Oct. 14, 2010 Women who have survived breast cancer should not be denied the opportunity to breast-feed their children, say researchers who presented the results of a new study at the 35th Congress of the European Society for Medical Oncology (ESMO) in Milan, Italy.
There is no evidence that breastfeeding is dangerous for mother or child after breast cancer treatment, yet many women are advised by their doctors not to breastfeed after completing treatment for breast cancer, said Dr Hatem Azim from the Department of Medical Oncology at Jules Bordet Institute in Brussels. He conducted this study with Italian colleagues while working at the European Institute of Oncology in Milan.
"It is a pity that women are denied the opportunity to experience normal motherhood and newborns are denied the endless benefits of lactation due to fears not based on any evidence," Dr Azim said. "Denying breast cancer survivors the opportunity to become pregnant or breastfeed remains unjustified in the absence of supporting evidence."
"We believe it is high time for the oncology community to realize that survivors' issues should be identified, respecting patients' demands and requirements," Dr Azim said. "As oncologists, we should prioritize global women's health and encourage this approach."
In their study, Dr Azim and colleagues conducted a questionnaire on 20 women who were known to have delivered a baby following completion of breast cancer therapy. Of those women, 10 attempted breastfeeding and 10 did not. The patients were followed up for a median period of 4 years following delivery, during which time 2 relapses were encountered; one in the group which did not breastfeed, and another in the group which breastfed.
"These results confirm the ones obtained in a previous study we conducted, which showed that breastfeeding does not seem to have a detrimental effect on breast cancer outcome," said Dr Azim. "Although this study is very small, it is the second study we have conducted that has suggested the safety of breastfeeding following breast cancer diagnosis. Unfortunately, in situations such as this, conducting large studies in not feasible."

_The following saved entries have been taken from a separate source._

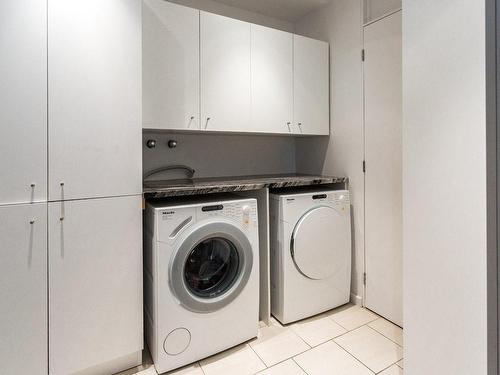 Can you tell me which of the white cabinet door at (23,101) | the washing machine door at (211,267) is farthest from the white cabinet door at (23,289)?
the washing machine door at (211,267)

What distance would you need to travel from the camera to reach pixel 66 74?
4.72ft

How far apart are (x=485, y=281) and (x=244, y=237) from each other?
3.93 feet

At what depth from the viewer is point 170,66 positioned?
6.42ft

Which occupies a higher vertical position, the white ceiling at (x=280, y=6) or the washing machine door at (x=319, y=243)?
the white ceiling at (x=280, y=6)

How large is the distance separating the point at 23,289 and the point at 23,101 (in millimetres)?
888

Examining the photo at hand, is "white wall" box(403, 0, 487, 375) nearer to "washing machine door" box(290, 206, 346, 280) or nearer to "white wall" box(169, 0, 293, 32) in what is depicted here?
"washing machine door" box(290, 206, 346, 280)

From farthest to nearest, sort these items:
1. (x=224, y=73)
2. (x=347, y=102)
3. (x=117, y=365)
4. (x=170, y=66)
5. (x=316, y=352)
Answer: (x=347, y=102) → (x=224, y=73) → (x=170, y=66) → (x=316, y=352) → (x=117, y=365)

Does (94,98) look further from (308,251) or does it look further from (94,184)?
(308,251)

In the current survey, more than 50% of patients who did not breastfeed had been counseled against breastfeeding by their treating physician, the researchers found. "This information emphasizes the need for proper counseling for these women," Dr Azim said. "While I acknowledge that available evidence supporting the safety of breastfeeding in not strong, on the other hand we lack any evidence to support the detrimental effect."

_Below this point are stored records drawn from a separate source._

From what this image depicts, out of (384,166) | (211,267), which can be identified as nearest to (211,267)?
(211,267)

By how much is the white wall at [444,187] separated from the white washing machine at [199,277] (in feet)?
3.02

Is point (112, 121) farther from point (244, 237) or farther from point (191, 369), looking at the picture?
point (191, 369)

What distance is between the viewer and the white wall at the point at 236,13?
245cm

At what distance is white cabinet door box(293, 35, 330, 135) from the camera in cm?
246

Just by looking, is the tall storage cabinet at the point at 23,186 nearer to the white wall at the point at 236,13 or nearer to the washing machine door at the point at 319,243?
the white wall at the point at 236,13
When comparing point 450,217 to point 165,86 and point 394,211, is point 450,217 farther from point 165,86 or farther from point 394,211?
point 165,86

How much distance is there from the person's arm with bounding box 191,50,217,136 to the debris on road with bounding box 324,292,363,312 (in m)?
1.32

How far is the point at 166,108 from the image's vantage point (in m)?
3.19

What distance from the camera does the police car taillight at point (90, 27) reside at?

There were two main factors associated with successful long-term breastfeeding in this study, the researchers found.
The first was the type of breast surgery performed earlier. Although all women tended only to breastfeed on the unaffected breast, those who had breast-conserving surgery were more likely to successfully breastfeed than those who had a mastectomy.
"It was interesting to find that women with breast conserving surgery apparently had a higher chance of successful breastfeeding," the researchers said. "A possible explanation is that after breast conserving surgery, women felt more comfortable about their maternal role, which underscores the influence and importance of body image in the success of lactation."

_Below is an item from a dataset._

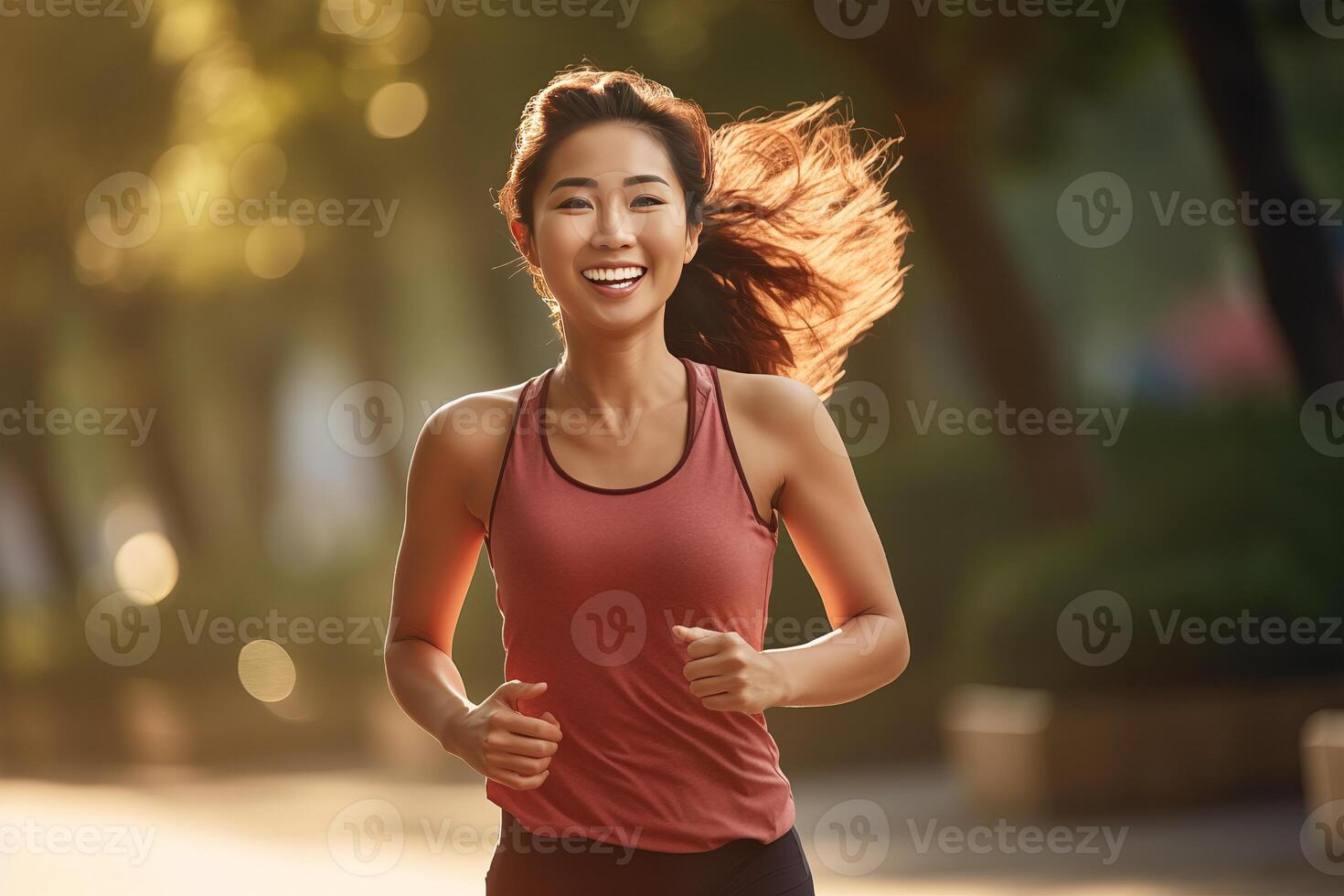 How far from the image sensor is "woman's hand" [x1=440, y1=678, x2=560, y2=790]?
2.41 metres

The other major factor in breastfeeding success was post-delivery lactation counseling. "These women need motivation and encouragement to face their fears regarding their breast cancer history and its effect on milk production, fetal health and of course risk of recurrence," Dr Azim said."
All women reported that breastfeeding with the treated breast was difficult due to problems such as hypoplasia and hypotrophia and reduced milk production from the hypotrophic breast (in 4/7 women who had previous BCS and attempted breastfeeding).
"Nevertheless, we suggest that women can try to latch their babies to the previously affected breast but should be aware of the reduced milk production and of possible alterations of the nipple areola complex, which could lead to a difficult and possibly painful latching."
In the past decades, huge steps have been made in diminishing the impact of breast cancer treatment on the body image and quality of life of patients, commented Dr Alexandru Eniu, of Cancer Institute "I. Chiricuta" in Cluj-Napoca, Romania.
"We have progressed from extensive, mutilating treatments such as enlarged mastectomies, extensive radiation therapy and aggressive chemotherapy to minimal interventions such as breast conservation, sentinel node biopsy and tailored systemic therapies that allow a normal life after breast cancer. Yet, pregnancy and breast feeding were not always encouraged in breast cancer survivors."
"The important findings of this study add to the body of evidence helping us to better advise our ex-cancer patients and future mothers: breast feeding after breast cancer is not dangerous for the mother or the child."
Decisions about fertility and future pregnancies are important for an increasing number of patients, Dr Eniu said. "Dr. Azim and colleagues have shown that, especially for patients undergoing breast-conserving surgery, breast feeding from the contralateral breast can be successful and should be encouraged."